Mule deer and elk are the principal big game species in the Red Leaf Resources Utah oil shale leases, with the leases occupying favored winter range for both species. Herd sizes and survivability are determined primarily by food availability through the full range of possible winter conditions in these winter range areas. Mule deer are primarily browsers, preferring shrubs and forbs, but they will also eat grasses and sage. Elk are primarily grazers, preferring grasses, but they will also eat shrubs and forbs. The environment of the Seep Ridge site of Red Leaf Resources is of three basic types:
Dense forest occupies the largest portion of the area. There is virtually no food for deer or elk in these areas.
Sparse forest occupies a large portion of the area. There is a small amount of grasses and shrubs, with sage comprising most of this.
Sage flats occupies a smaller area. There is more food in this area, with more grasses and shrubs, primarily sage.
Taken as a whole these areas provide the best winter range for deer and elk in the area, but the capacity to support animals in the worst of winters is still very limited. All of these photos were taken on September 15, 2017, with perhaps the best fall crop of food plants for the past several years. In a research collaboration with the Utah Division of Wildlife Resources Habitat Program Manager, several shrub, forb, and grass species that are native to the region were selected to suit the precipitation in the area of the Red Leaf leases, and a subset of species were further chosen to provide maximum protein for the full range of historically experienced winter conditions.
The chosen mix of plants was then seeded in shale mining debris on the Seep Ridge Red Leaf lease in the fall of 2013. This research plot was fenced and allowed to grow without disturbance.

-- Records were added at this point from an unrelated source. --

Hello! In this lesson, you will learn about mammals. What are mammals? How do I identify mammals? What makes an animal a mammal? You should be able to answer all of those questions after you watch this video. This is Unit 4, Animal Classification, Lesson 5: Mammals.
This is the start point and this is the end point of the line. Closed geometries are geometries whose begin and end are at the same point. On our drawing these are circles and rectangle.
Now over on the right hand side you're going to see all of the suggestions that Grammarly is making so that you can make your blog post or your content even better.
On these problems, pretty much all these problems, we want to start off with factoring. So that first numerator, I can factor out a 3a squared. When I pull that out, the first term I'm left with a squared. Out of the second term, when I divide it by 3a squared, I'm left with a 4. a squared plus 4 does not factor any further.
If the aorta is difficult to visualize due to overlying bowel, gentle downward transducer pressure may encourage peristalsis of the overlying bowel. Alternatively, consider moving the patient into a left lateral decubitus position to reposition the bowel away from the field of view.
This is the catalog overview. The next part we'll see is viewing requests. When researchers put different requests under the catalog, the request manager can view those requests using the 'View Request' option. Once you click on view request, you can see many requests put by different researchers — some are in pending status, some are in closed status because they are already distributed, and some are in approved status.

Contrary to the popular conception that mined oil shale debris is barren, this planting continues to flourish, as shown below. Results of this research will be used to provide an abundance of rich feed for mule deer and elk in future reclaimed areas of the Red Leaf oil shale leases.

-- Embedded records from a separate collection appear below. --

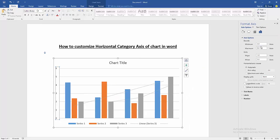Now we can see here we can customize this horizontal category axis.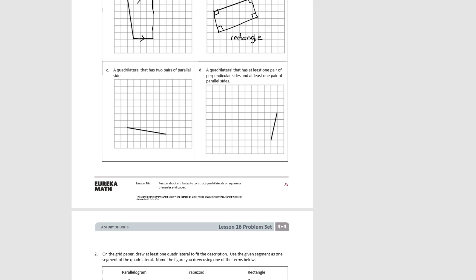For letter c, a quadrilateral that has two pairs of parallel sides — we can't do a trapezoid because that only has one pair, but we could do a rhombus, parallelogram, square, or rectangle. Let's draw a parallelogram. We have two pairs of parallel sides; this one is going to be three squares long and cross over two squares, and we do the same on the other side, then connect to make the other parallel side. We have a parallelogram.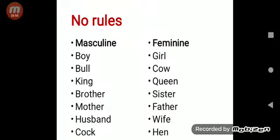There are some masculine genders which do not have any rules. You have to learn these by yourself. Examples: boy/girl, bull/cow, king/queen, brother/sister, mother/father, husband/wife, cock/hen. As you can see, there is no similarity between these pairs, so they do not follow any rule and you have to learn them by yourself.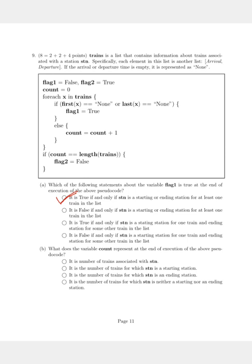Question two asks: what does the variable count represent at the end of execution? Count is the number of trains that have chosen just to pass through the station and have not chosen this station as their ending or starting point. From the options, option four is the correct answer, which states: it is the number of trains for which STN is neither a starting nor an ending station.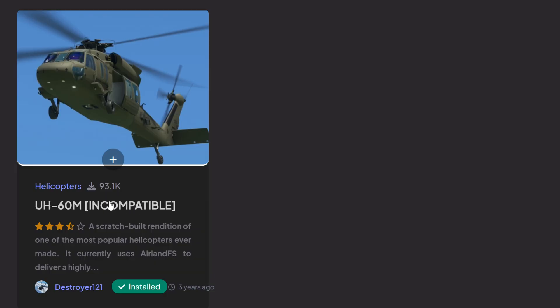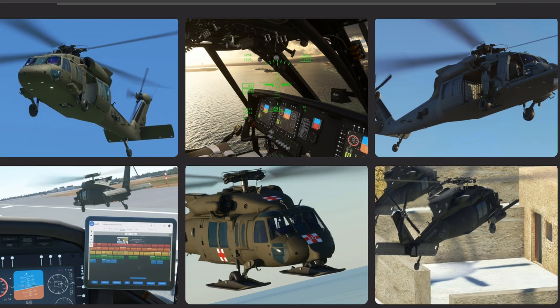First thing you're going to do is go to flightsim.to. You're going to put in UH-60. You're going to see a link and when you see the picture it's going to say incompatible. Don't worry about that, let's move forward. It is not incompatible. You've already seen me release a video.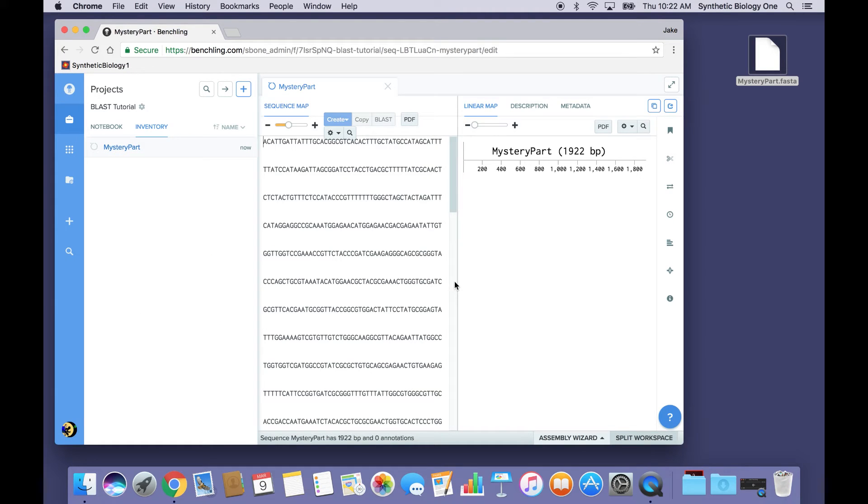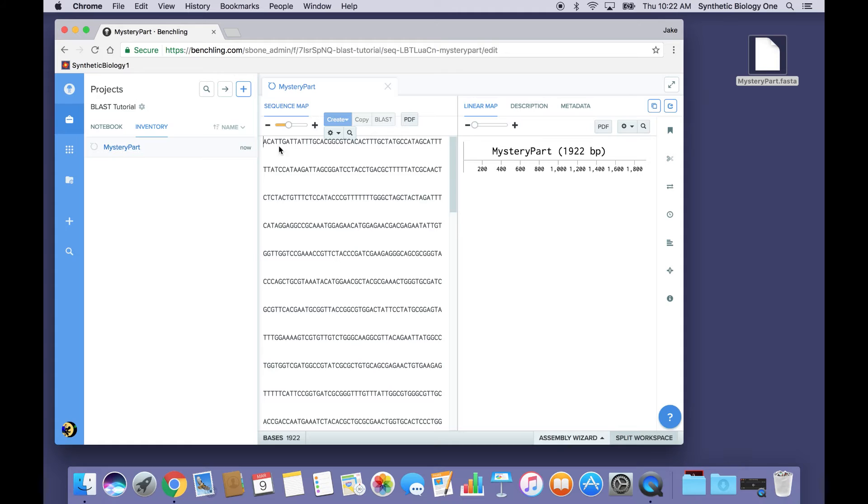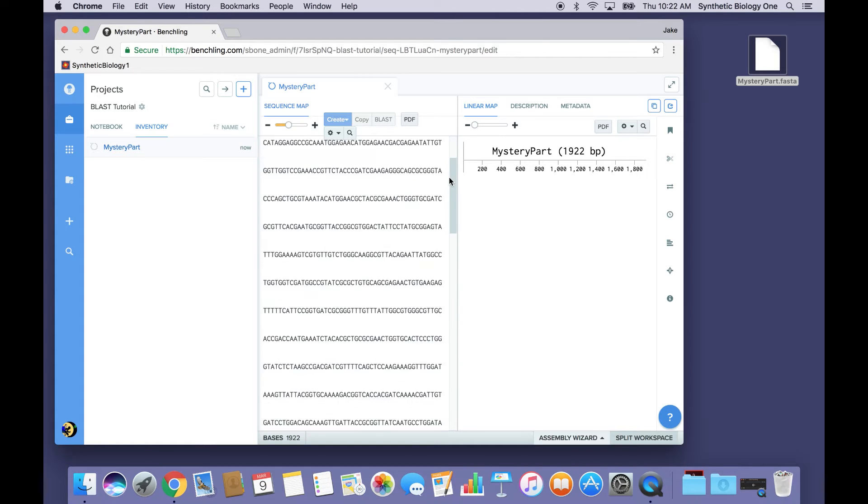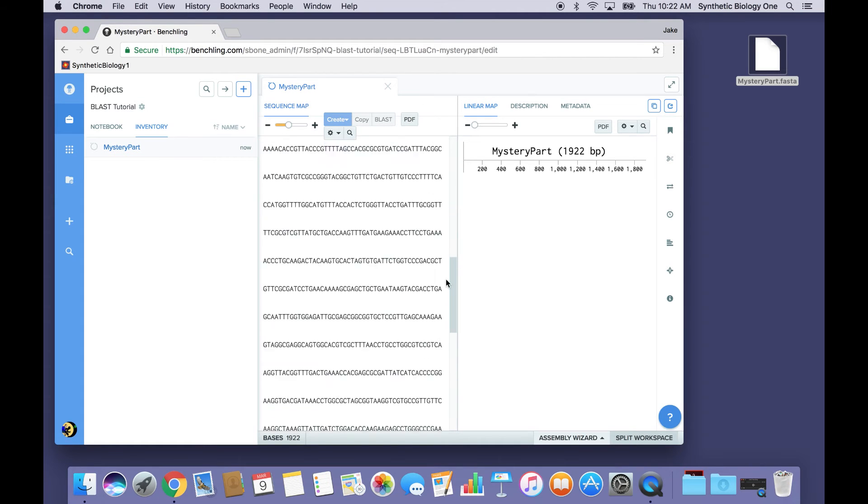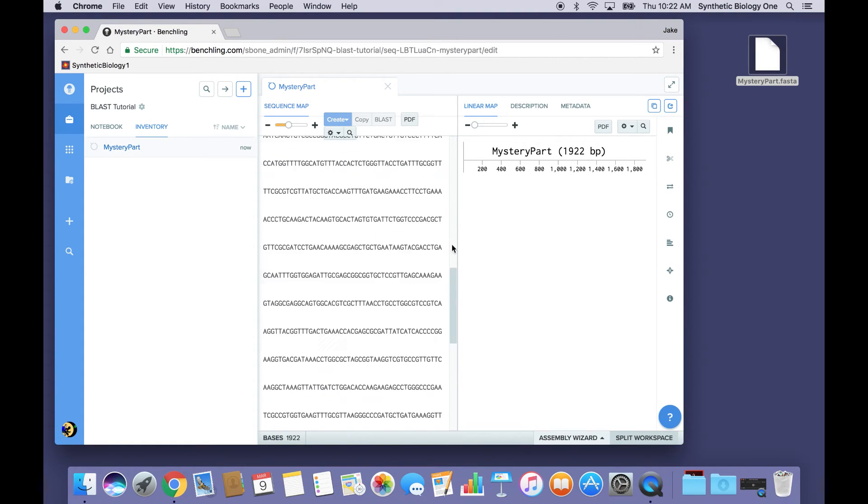And there we have it inside our DNA Sequence Editor software. But so far, we haven't learned anything. This part, it's still just a bunch of letters. I know it's 1,922 base pairs long, but I don't know anything else.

Penstemon grahamii is a beautiful and rare flower that is native to very limited regions of the high desert, and is relatively wide spread in the general area of the Red Leaf oil shale leases. There has been concern that this plant may be endangered. There is a widespread belief that it cannot be deliberately planted and successfully grown in the wild, with the implication that destroying growing plants or disturbing undisturbed areas where they are found to grow will endanger the survival of these plants. In particular, it is widely believed that mining in the areas of growth of these plants might endanger them. In an effort to explore this thesis, State of Utah researchers, in collaboration with Red Leaf staff, planted several of these plants in shale mining debris on the Seep Ridge Red Leaf leases, fenced the planting to protect it from small animals, and observed plant behavior. As shown, these plantings showed excellent growth after more than one year.